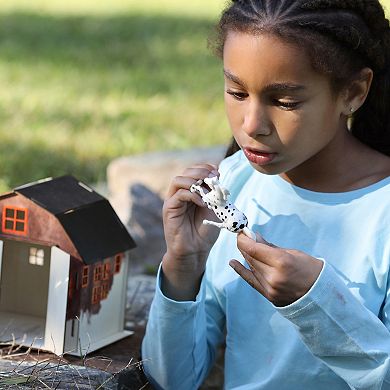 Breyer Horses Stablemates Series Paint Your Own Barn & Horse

--

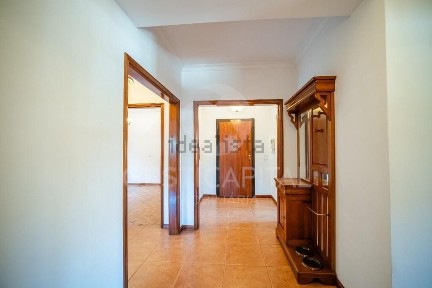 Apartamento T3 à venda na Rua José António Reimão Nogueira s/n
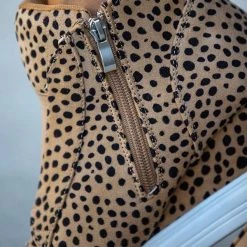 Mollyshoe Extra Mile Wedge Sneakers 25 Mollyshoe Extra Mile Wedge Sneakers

● WORK TO COMPLETE: Leaving all pictures out, output exactly the lines of the material above from the line with "Apartamento T3 à" to the line with "Mollyshoe Extra Mile Wedge Sneakers 25", both included.

● EXERCISE RESULT:
 Apartamento T3 à venda na Rua José António Reimão Nogueira s/n
 Mollyshoe Extra Mile Wedge Sneakers 25 Mollyshoe Extra Mile Wedge Sneakers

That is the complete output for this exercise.